Re: i28 proposed replacement text

On Wed, 28 May 2008, Henrik Nordstrom wrote:

> On ons, 2008-05-28 at 10:41 -0400, Yves Lafon wrote:
>
>> Then we must at least say that the encoding used (not chunked) must
>> give the same characteristics as chunked wrt detection of the end of the
>> message.
>
> Why? The protocol will not fall down if a message is unexpectedly cut
> short.

Essentially for what it below, the need to verify the integrity of the 
message. It is needed when you don't cut the connection, but it is a 
desirable property even if the connection is cut, to detect an error case 
(like cutting the connection in the middle of a chunked stream) from a 
normal response.

> A note mentioning that this may downgrade the message integrity to the
> level of a Connection: close without Content-Length message may be
> acceptable, but not a must. In practice most file formats and encodings
> easily detect truncation.

partial or absolute detection ? If the format allows multiple concatenated 
entries, and integrity check is true if you reach exactly the end of one 
entry, you have a highly probable integrity check but not an absolute one.
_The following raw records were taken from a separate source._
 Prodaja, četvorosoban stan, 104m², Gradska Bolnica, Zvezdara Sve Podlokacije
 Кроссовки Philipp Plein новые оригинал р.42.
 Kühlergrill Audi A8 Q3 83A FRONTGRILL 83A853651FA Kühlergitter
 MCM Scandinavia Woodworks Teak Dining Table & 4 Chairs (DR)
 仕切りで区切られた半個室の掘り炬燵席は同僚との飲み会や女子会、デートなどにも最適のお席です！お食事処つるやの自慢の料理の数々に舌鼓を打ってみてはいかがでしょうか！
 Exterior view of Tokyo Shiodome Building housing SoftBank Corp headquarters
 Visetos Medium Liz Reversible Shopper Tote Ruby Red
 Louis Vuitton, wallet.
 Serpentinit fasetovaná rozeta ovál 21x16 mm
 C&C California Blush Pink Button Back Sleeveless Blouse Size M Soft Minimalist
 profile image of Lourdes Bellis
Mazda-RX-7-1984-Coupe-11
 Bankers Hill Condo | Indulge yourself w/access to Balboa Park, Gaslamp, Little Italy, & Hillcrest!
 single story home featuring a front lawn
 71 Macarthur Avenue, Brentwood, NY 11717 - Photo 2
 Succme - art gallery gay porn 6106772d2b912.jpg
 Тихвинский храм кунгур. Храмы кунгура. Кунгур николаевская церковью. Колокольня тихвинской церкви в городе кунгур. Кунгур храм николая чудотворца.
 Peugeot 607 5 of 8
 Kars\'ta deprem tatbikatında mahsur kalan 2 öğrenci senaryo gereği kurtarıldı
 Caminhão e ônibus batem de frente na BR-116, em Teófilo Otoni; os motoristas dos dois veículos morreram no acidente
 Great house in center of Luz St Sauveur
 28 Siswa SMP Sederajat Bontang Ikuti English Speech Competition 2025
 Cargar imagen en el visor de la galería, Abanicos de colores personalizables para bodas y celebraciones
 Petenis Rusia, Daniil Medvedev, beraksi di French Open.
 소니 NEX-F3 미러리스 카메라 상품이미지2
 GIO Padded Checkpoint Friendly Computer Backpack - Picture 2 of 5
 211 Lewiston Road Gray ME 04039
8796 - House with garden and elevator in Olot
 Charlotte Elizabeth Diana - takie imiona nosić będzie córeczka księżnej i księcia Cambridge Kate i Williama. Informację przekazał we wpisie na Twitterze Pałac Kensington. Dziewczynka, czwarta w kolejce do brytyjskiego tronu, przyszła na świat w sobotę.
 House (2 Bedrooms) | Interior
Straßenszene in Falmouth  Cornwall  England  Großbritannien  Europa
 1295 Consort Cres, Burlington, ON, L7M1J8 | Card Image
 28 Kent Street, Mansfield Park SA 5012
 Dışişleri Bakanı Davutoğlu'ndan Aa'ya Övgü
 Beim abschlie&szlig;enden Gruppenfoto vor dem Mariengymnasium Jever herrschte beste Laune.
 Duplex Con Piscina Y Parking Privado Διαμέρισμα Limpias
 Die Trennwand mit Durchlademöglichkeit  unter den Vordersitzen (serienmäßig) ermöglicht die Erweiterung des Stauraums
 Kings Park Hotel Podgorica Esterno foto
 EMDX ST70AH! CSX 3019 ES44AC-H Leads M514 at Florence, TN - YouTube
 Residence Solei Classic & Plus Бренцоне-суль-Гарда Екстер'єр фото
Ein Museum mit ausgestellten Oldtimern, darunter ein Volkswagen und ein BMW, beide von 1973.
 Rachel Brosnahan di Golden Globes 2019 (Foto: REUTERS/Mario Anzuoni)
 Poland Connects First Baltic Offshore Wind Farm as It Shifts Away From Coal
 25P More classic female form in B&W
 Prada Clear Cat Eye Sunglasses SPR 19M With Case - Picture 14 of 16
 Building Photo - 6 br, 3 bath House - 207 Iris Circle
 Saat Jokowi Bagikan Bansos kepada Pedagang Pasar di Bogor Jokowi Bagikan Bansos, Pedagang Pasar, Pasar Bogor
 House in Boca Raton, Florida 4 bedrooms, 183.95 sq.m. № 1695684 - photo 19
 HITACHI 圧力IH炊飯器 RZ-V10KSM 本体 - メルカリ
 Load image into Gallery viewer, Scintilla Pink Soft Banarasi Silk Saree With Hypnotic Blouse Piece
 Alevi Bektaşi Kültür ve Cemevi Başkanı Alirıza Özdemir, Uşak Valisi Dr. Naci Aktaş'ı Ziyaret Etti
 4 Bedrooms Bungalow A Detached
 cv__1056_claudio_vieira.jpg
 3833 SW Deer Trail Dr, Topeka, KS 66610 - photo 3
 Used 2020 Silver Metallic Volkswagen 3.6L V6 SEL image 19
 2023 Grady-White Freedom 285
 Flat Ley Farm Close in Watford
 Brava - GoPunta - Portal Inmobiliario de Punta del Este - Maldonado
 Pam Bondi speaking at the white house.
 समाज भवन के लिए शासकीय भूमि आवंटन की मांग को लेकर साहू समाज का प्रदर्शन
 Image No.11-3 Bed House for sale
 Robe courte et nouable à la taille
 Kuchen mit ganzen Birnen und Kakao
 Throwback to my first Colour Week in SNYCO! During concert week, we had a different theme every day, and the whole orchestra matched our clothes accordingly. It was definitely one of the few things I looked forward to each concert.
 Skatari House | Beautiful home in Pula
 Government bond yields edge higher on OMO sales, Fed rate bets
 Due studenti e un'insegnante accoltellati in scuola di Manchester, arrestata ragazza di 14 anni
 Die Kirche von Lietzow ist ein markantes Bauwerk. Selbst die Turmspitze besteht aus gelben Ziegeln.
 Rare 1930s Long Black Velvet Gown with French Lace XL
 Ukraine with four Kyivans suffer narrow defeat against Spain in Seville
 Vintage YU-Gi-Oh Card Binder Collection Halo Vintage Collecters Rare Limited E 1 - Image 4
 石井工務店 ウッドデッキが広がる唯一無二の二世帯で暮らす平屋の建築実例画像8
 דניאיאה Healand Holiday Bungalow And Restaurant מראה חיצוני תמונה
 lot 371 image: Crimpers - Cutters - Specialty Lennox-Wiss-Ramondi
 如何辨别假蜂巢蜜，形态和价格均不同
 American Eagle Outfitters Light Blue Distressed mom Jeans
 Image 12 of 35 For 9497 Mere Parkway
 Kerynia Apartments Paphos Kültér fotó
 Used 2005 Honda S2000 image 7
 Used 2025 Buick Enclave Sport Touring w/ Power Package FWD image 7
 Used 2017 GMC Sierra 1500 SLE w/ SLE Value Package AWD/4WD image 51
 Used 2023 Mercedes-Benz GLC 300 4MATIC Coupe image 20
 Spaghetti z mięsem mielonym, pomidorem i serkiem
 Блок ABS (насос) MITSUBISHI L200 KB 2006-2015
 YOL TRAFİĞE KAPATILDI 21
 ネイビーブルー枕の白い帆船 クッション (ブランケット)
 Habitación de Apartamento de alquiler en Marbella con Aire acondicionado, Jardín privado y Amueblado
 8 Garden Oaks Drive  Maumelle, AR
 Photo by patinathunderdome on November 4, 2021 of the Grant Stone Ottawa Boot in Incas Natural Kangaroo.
In any case, a note explaining that it might be difficult to figure out 
the integrity of the message in this case would be sufficient.

>> Is this particular case really used in deployed client/servers, and done
>> the right way ?
>
> As already mentioned both gzip and deflate has this property to a
> sufficient level.

But it is used that way in deployed servers/clients ? Or is chunked 
encoding always the norm.

-- 
Baroula que barouleras, au tiéu toujou t'entourneras.